Harry Potter actor Jason Isaacs breaks down transphobic Jordan Gray backlash

Actor Jason Isaacs has doubled down on his defence of comedian Jordan Gray after she received a wave of anti-trans backlash.

Gray was met with abuse and calls for her arrest following her appearance on Friday Night Live on 21 October.

The comedian performed a musical number in which she recounted to joys of being trans, before leaping up from her keyboard and stripping completely naked to applause.

Amid the ensuing backlash, actor Jason Isaacs congratulated Gray’s “magnificent boobs and equally magnificent member” and wrote that her performance was “so much more dignified than parliament today“.

Isaacs, who played Lucius Malfoy in the Harry Potter film series, returned to Twitter on Monday (31 October) to emphasise his support and dissect the backlash.

“What’s really going on with your outrage when someone strips off on a late night edgy comedy show, well after the ratings watershed and where the presence of adult material and nudity has been warned against and is almost ubiquitous?” he asked.

“Maybe, since nudity and sex is everywhere on the channel (have you seen Naked Attraction?), the problem is that, this time, the naked body was transgender?”

Continuing, he said: “I called them [magnificent] because their very exposure felt like a magnificent, subversive act, saying as it did, ‘Here I am. A transgender woman. Take a good look because I refuse to be ashamed’.

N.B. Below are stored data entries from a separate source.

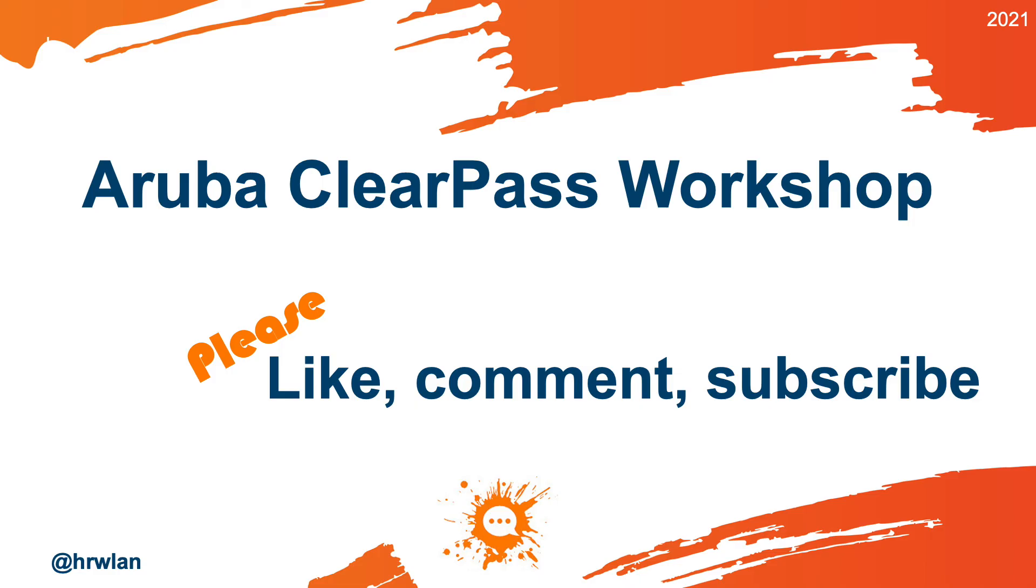Hope this was useful. Please press the like button. If you have questions, put them under the video. And don't forget to subscribe to the channel. Thanks for watching.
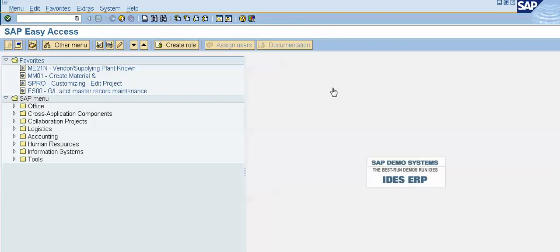Hello and welcome to all. In this video, we will learn how to change date format in SAP.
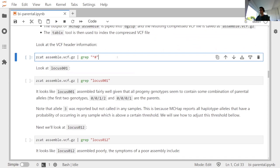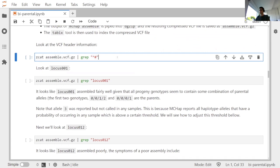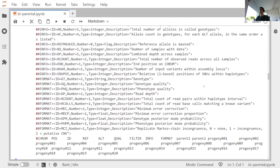Looking at the header data from the MCHAP assemble output, we store a lot of metadata about how the VCF was produced: the date it was produced, the version of MCHAP, the exact command used to create the VCF, and the random seed used for the Markov chains. There is a lot of information stored in the VCF itself about how it was produced, followed by metadata fields with short descriptions of what they contain.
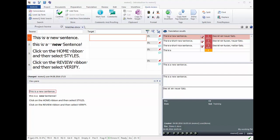The translation memory, also called TM, is a database for your sentence pairs and constitutes the heart of MemoQ.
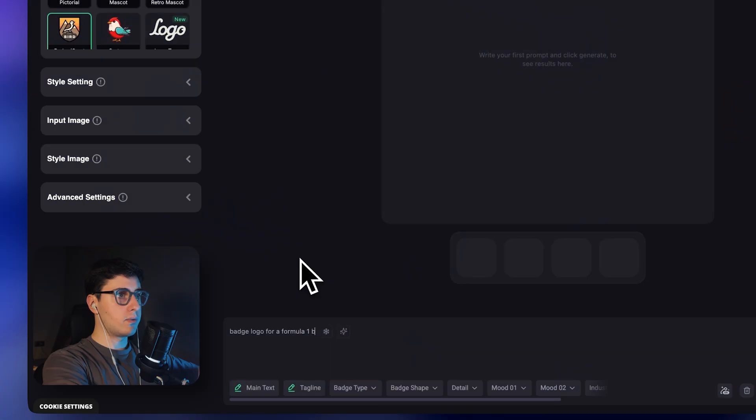All from a single prompt, I just tweaked some settings and let the AI do the heavy lifting. So without further ado, let me show you how I did it.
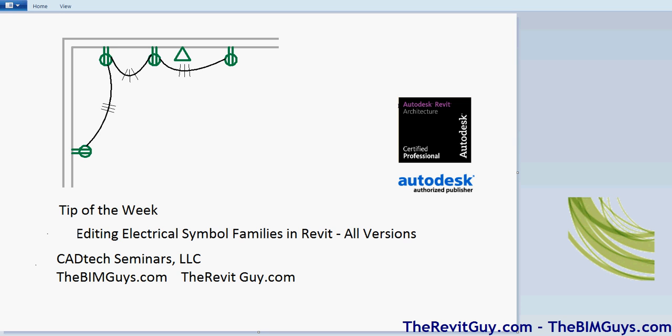Hello and welcome to Tip of the Week by CAD Tech Seminars. A couple things here I'd like to mention, first of all, we have known as vimguys.com.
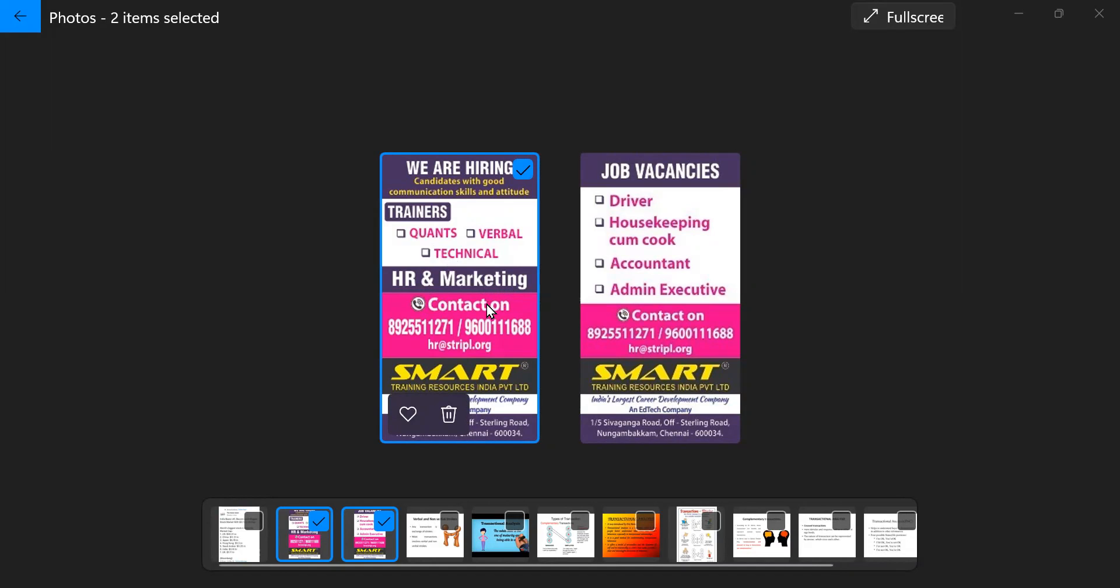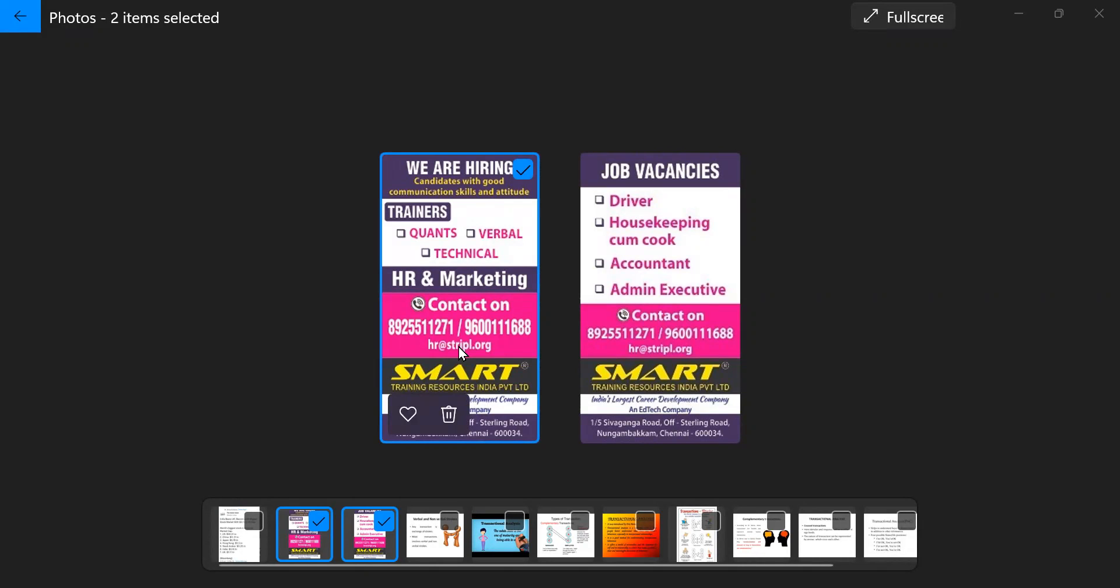People are requested to send resume to HR at stripl.org or contact these two phone numbers given here. Please note the number.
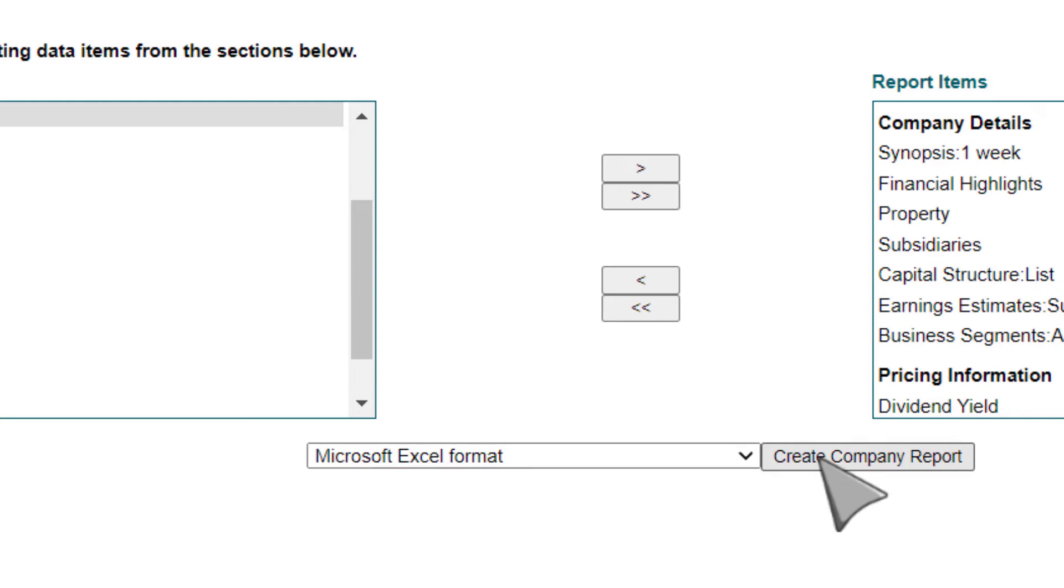Your report will automatically download, or you may see a pop-up with options depending on your browser.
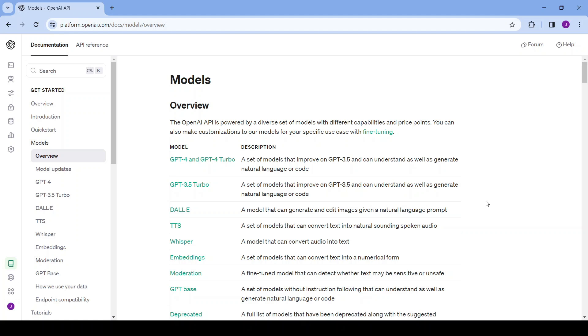Hey guys and welcome back to another video. In today's video we'll be going through how to use the OpenAI API with Node.js. This API allows us to access all the different OpenAI models. You can see them listed over here.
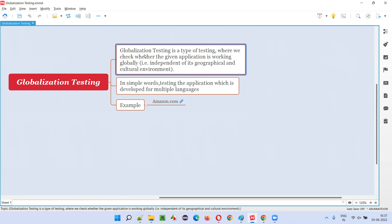What is globalization? Let's say the application is developed in the United States, but the application has to still work in India — if it is a supported region for that particular application. As part of globalization, the application has to also work in India and in other countries. So globalization testing is a type of testing where we check whether the given application is working globally.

“It was challenging and sensational television in a landscape that feels all too curated most of the time.”

Referring to his writing “her penis”, Isaacs continued: “It felt like an unusual thing to type, but I knew that’s what she’d like as a transgender woman so I did it. I’m Jewish and I hate people calling me ‘a Jew’. I want to be called ‘Jewish’.

“[It] might not seem like much to you, but it’s everything to me – it’s the difference between me hearing a threat and a welcome… it’s a huge deal to people who suffer so much from prejudice and violence that it feels pretty selfish not to make the slight effort to ease their journey.”

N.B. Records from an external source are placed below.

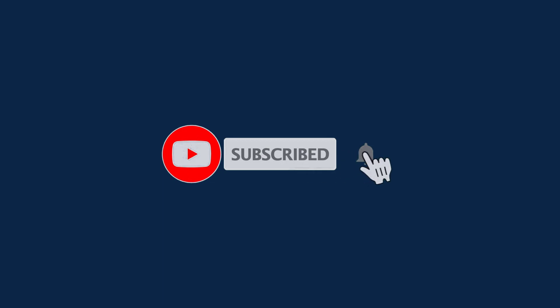Please subscribe to my channel and press the bell icon to get the latest updates from my channel. Thanks for watching, see you in the next video.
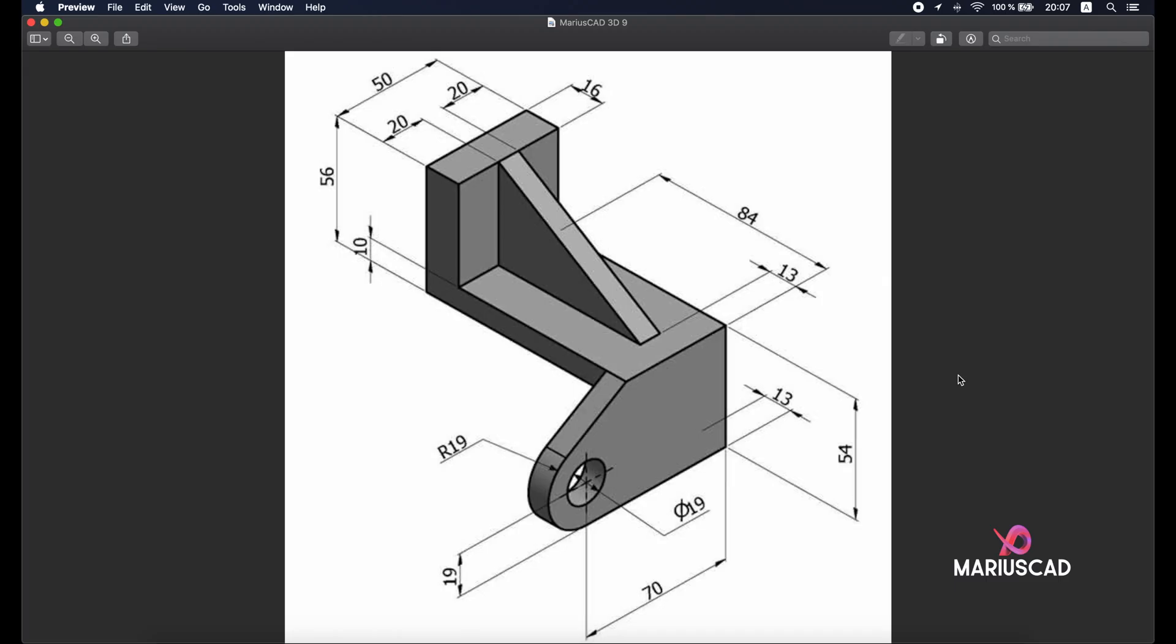Hello everybody, welcome to your new tutorial. Today I will show you how you can draw this piece in AutoCAD 2021 in 3D. So we will focus first on this section.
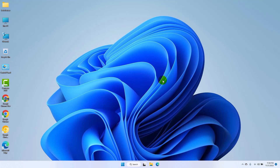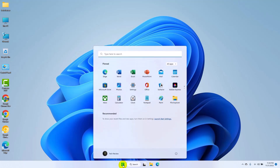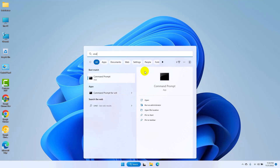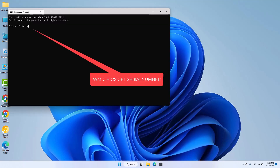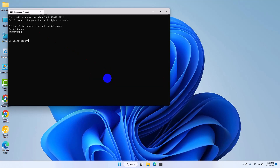To know your laptop serial number, click on the start menu, type CMD. After the command prompt appears, click on it. Type the command WMIC BIOS GET SERIALNUMBER. Remember, write serial and number together. Press ENTER.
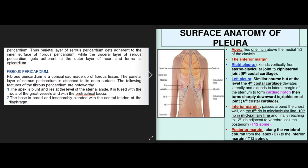Fibrous pericardium is a conical sac made up of fibrous tissue. The parietal layer of serous pericardium is attached to its deep surface. The apex is blunt and lies at the level of the sternal angle; it is fused with the roots of the great vessels and with the pretracheal fascia. The base is broad and inseparably blended with the central tendon of the diaphragm.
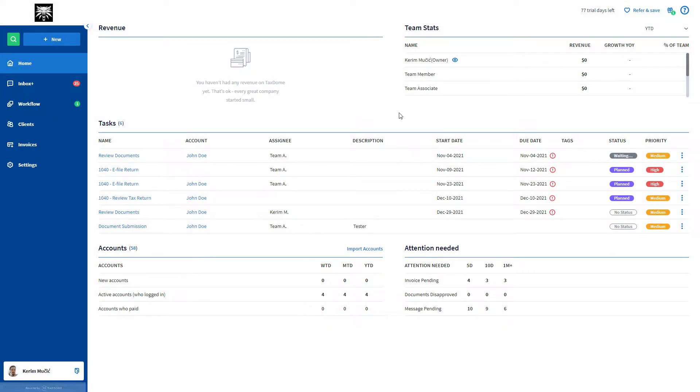Hello, this is Kerim with TaxDome, and in this video, I will show you how you can easily request signatures from your TaxDome portal.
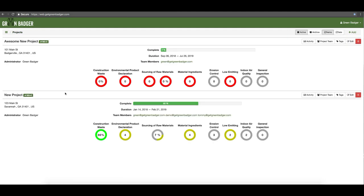So that is the Green Badger functionality in a nutshell. It gives you one centralized area where the entire team can collaborate and contribute to earning your LEED certification goals. We can streamline and automate the process — from instantly verifying products, to creating your infield inspection reports, to finally packaging everything in LEED review ready format. If you have additional questions after watching this training video, feel free to reach out to us at help@getgreenbadger.com and we'd be happy to provide additional assistance.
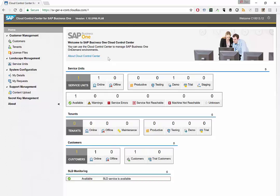So basically, Cloud Control Center for SAP Business One in the cloud.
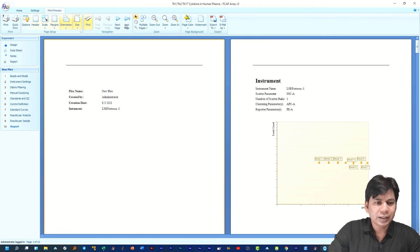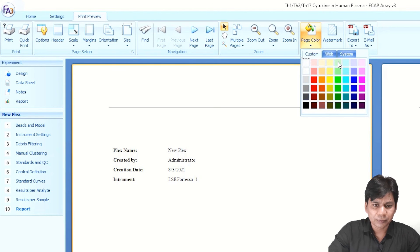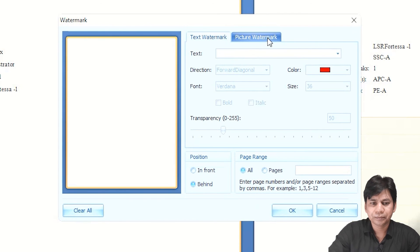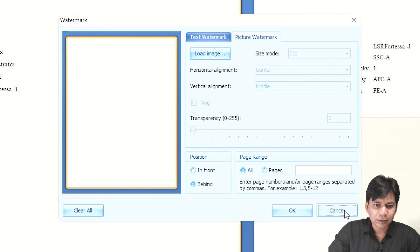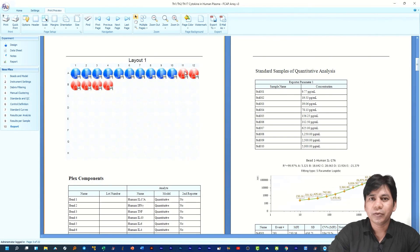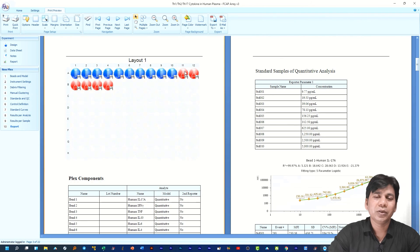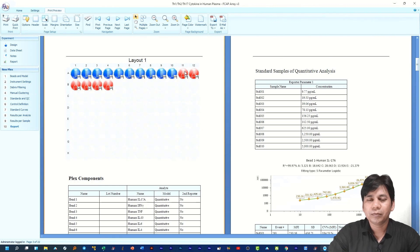On the upper side there are many options you can customize — for example, if you want to add color in the report you can, and if you want to add a watermark or picture watermark you can add that too. FCAP Array is a very user-friendly software and you can analyze your data very easily. If you have any problem analyzing your CBA or CBA Flex data with FCAP Array, please comment and I will help you as soon as possible. I hope this tutorial will help you in your research. Thank you for watching. If you liked the video, please subscribe to my channel.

Jordan Gray wears a pink suit as she sings into a microphone during her Channel 4 Friday Night live performance

Jordan Gray garnered widespread praise for her performance on Channel 4’s Friday Night Live special. (Channel 4)

After Jordan Gray appeared on Friday Night Live, anti-trans voices suggested she should be arrested, despite nudity being commonplace on TV and her performance going out well after the watershed.

Some asked Isaac if he would “sanction a man indecently exposing himself to children or adult survivors of attacks”.

He replied: “You actually do know the difference between a late night TV comedy show and a traumatic private encounter on the street or in the home. Or the difference between a transgender woman singing a satirical song about her superiority and genuine misogyny. You know all of it.”

He concluded by saying that he has purposefully chosen not to comment on trans right issues that fuel debate.

“Maybe it’s about the other genuinely controversial issues surrounding trans women: access to women-only spaces, early surgical and pharmaceutical intervention, legal definitions, sporting participation etc etc etc. All the minefields that I was consciously nowhere near.

“I’m a straight, middle-aged white cis male and know where my opinions are uninformed, unwelcome and unhelpful. Those are areas for serious debate between serious people, conducted with respect and compassion.”

“I just thought she was funny.”

 

In a statement to PinkNews, Channel 4 stated: “This Edinburgh Comedy Award-nominated routine was part of a live comedy variety show featuring a broad range of acts. It was broadcast after the watershed with appropriate warnings, including for adult content.”